Oren brings up the important role that wealth, both individually and nationally, will have as things continue to break. With no one willing, or perhaps able, to pay for the repairs or simply required maintenance, the future can look bleak.


When North Americans bemoan the loss Miami's white beaches, the Vietnamese may well hunger for delta grown rice. SLR is final, with Bangladesh, the Maldives ,and others set to lose so much of the land they need, that migration or genocide are the only alternatives available.


Under ASLR conditions the wealthy countries will need whatever resources they still possess to prop up their own failing infrastructure, just at the time that the have nots will require a massive influx of food and money just to stay afloat. (unintended) If Trump's followers consider today's levels of immigration to be problematical, wait until peoples land is literally washing out from beneath their feet.


Debt forgiveness now, while there is still some fluidity in the vaults of the wealthy, is essential.
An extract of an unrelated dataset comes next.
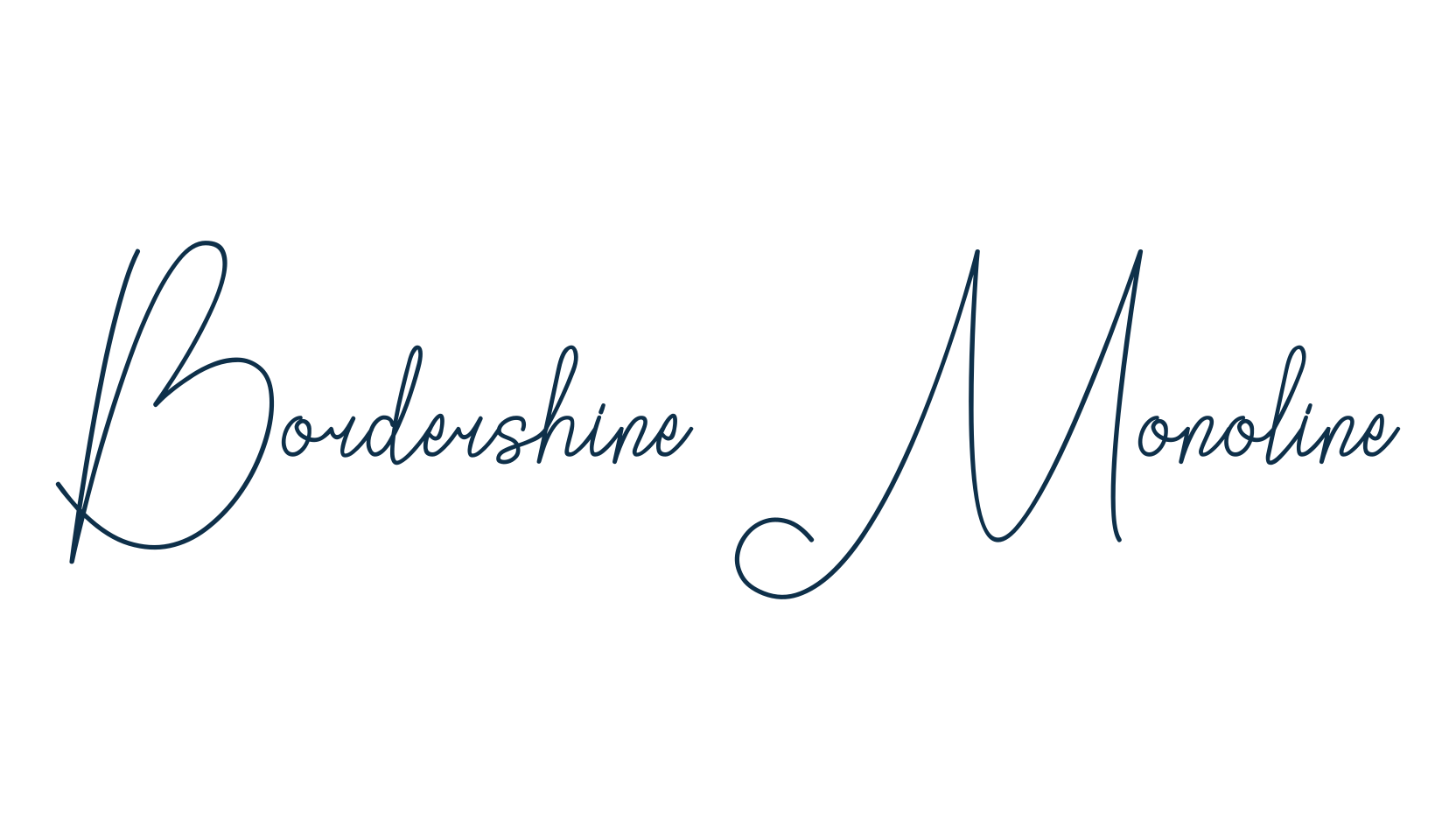 Bordershine Monoline, script handwritten fancy decorative calligraphy font preview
Squeezing those who will soon need these same resources for their own survival is neither morally correct nor fiscally sound. The moral argument seems self evident, while the fiscal imperative to either feed starving neighbors, or spend more trying to keep them out, indicates that early intervention might prove less expensive.


Three years ago Cuba had a $32B debt to Russia. Today that debt is gone. Cuba had been unable to make payments for years and Russia had a claim on whatever future assets Cuba might amass. Cuba, looking forward, will probably have more need of these Billions than a resurgent Russia.
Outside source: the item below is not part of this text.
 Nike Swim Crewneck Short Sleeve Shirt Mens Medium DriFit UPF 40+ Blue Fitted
If Germany, France, in fact the whole of industrialized Europe, would forgive Greece, Italy and other southern European states their debt, these states might have more of the resiliency needed in the coming decades. Similar arrangements are needed between the US and some central and south American nations. With the Monroe Doctrine the US took responsibility for all of the Americas, yet at present many are finding themselves insolvent and with huge debts to American banks.


Walls, fences, and coastal defenses, are expensive, inhumane, and ineffective. Historically only small island nations have had short lived success at keeping the barbarian's from the gate.
While the billions extant will never attain European or North American lifestyles, the excesses we waste could maintain many in livable conditions.


Had anyone thought to provide sufficient bread to those starving in Syria, perhaps millions would not now be banging on European doors. Had much of the middle east not suddenly lost it's infrastructure, their citizens would still be at home plotting football strategies. If NAFTA had not beggared Mexican corn farmers, their sons and daughters would be taking siesta under the tropical sun, rather than huddling in cold Chicago alleyways.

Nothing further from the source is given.